US Customs and Border Protection (CBP) said this week it would detain all imports of cotton and tomato products from Xinjiang and require companies to either prove the products were slavery-free or ship them elsewhere.
The United Nations estimates at least 1 million Uighurs and other Muslims have been detained in Xinjiang, and many are said to be put to work. China denies mistreatment and says the camps are vocational training centers needed to combat extremism.
CBP official Brenda Smith said seizing imports would "send a message" over forced labor concerns in Xinjiang but that businesses had an even bigger role to play in preventing tainted cotton from entering the United States.
"(The order) is a big red flag ... a strong recommendation that the business community remove the risk from their supply chains," Smith, executive assistant commissioner of CBP's trade office, told the Thomson Reuters Foundation in an interview.
"What is most important is that businesses hear the message and take action."

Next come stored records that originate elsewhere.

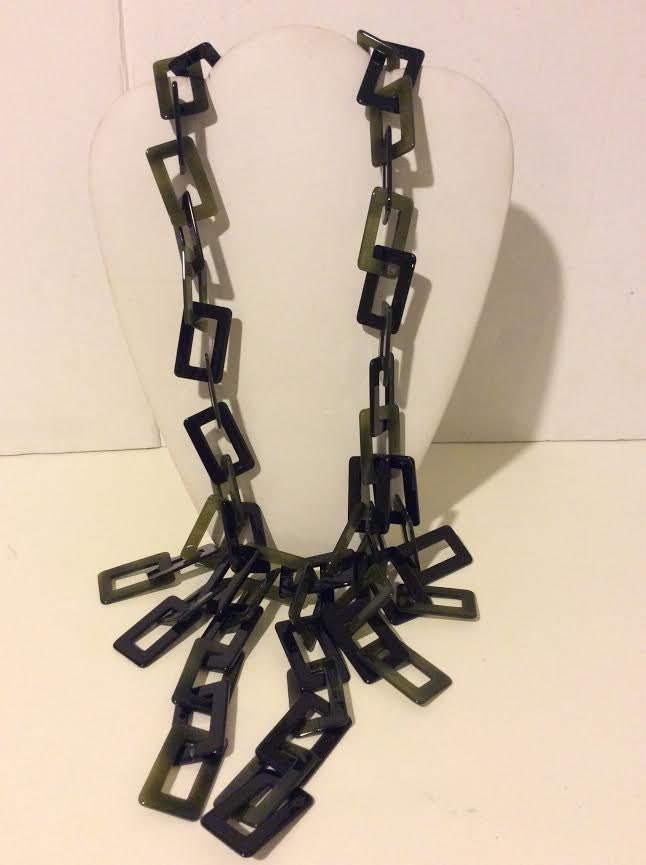 Chunky Grüne Harz Lange Einzigartige Gliederkette Chunky Grüne Harz Lange Einzigartige Gliederkette von EmeliaHart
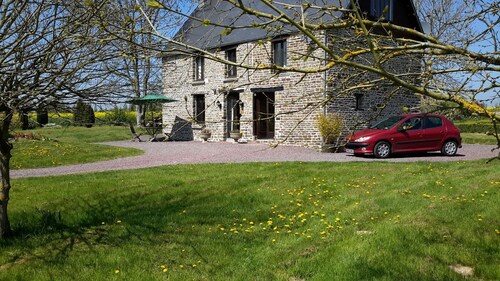  WATERFALL, SPA BATH,TRADITIONALL FARMHOUSE IN PEACEFUL  GARDENS.POOL NEAR HOUSE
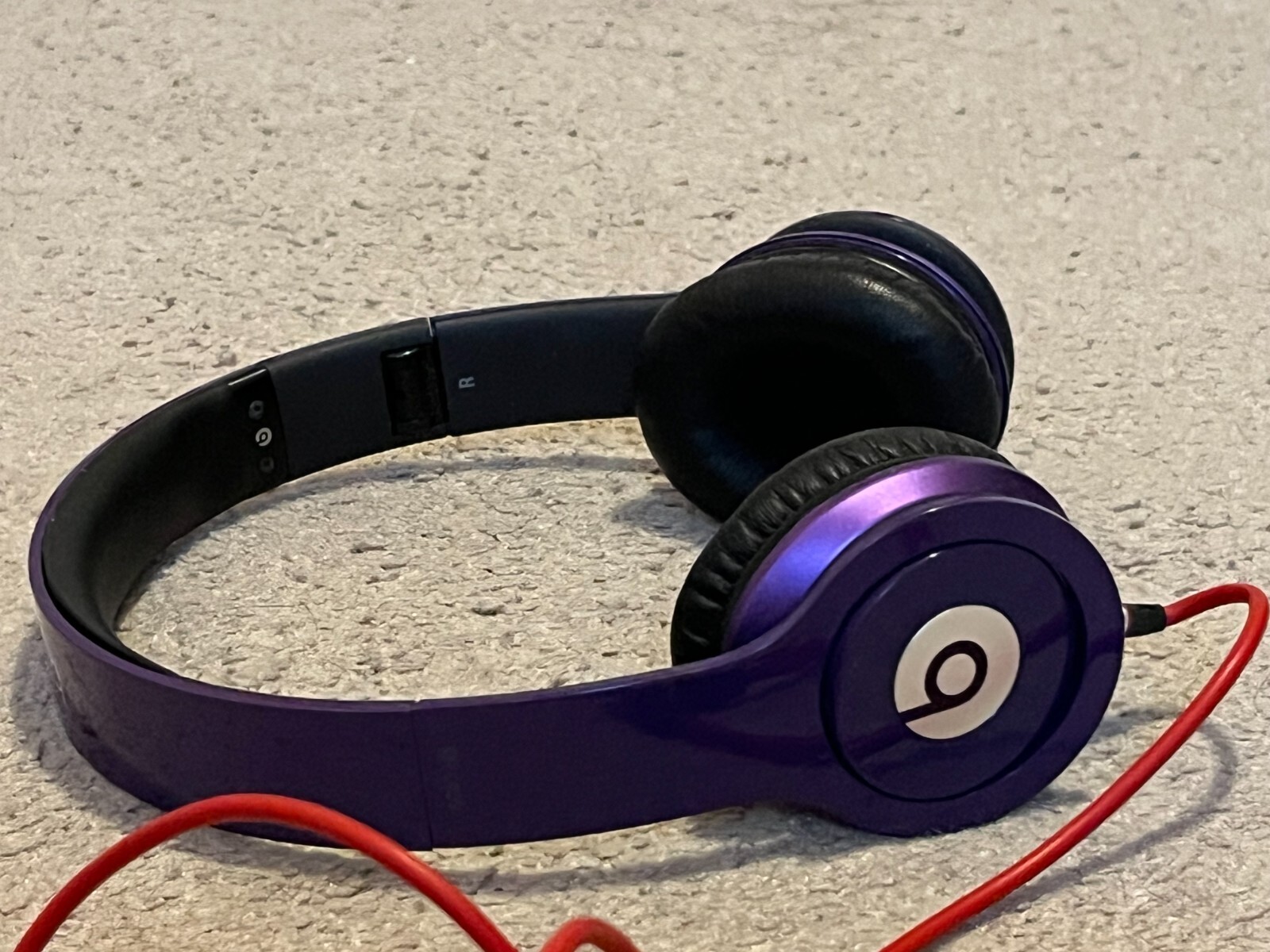beats by dr. dre Purple Headphones with Wire Jack On The Ear Pad Headband Rare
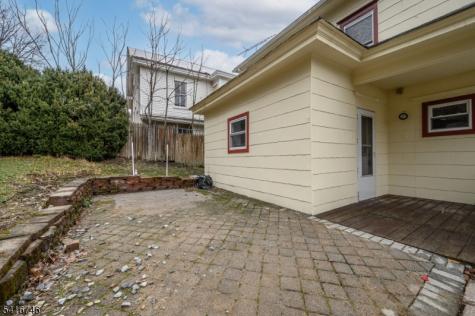 32 High Street Blairstown NJ 07825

Smith said she expected US retailers to do due diligence down to the third or fourth tiers of their supply chains. Yet labor rights campaigners say most brands have limited to no knowledge around sourcing beyond their main "Tier 1" suppliers.
The US government agency estimates that about $9 billion of cotton goods and $10 million worth of tomato products were imported from China into the United States in the past year.
Under a 2016 law, it is illegal to import goods into the United States that are made entirely or in part by forced labor - which includes prison work, bonded labor and child labor.
The western province of Xinjiang - home to about 11 million ethnic Uighurs - produces about 85% of China's cotton and 20% of the global supply, which is used by fashion brands worldwide.
The region-wide crackdown follows a move last month to block cotton imports from China's largest producer, the military-linked Xinjiang Production and Construction Corps (XPCC).
About 43 shipments of cotton-based goods have been detained at US entry ports since the XPCC order, according to CBP.
Labor rights and supply chain experts have welcomed the Xinjiang-wide order but said enforcing it would be difficult.
Apparel and retail groups said in a joint statement this week that members were working to remove forced labor from their supply chains but hoped to work with CBP "to make sure that enforcement is smart, transparent, targeted and effective".
While most brands say they do not source directly from factories in Xinjiang, their supply chains are likely tainted by cotton picked by Uighurs that is exported across China and used by other suppliers, according to campaigners and researchers.
"The complexity and opacity of the brands' supply chains create major challenges and CBP's track record on enforcement is mixed, but it can be done," Scott Nova, head of the US-based Workers Rights Consortium (WRC), said in a statement this week.
CBP's drive to prevent imports made by forced labor has been hampered by a lack of skilled staff and reliable data, the US Government Accountability Office said in October.
The agency's efforts to address forced labor have "evolved significantly" over the last five years, Smith said. CBP was unable to provide data on staff numbers and budgets by deadline.
Smith acknowledged that implementing the new order would be challenging but said CBP was testing new technology to assess finished goods and garments and pinpoint the source of cotton.
"For now, the best way to identify origin of cotton is to go back and ask questions," she said. "That's certainly what we'll be doing and hope the business community will do as well."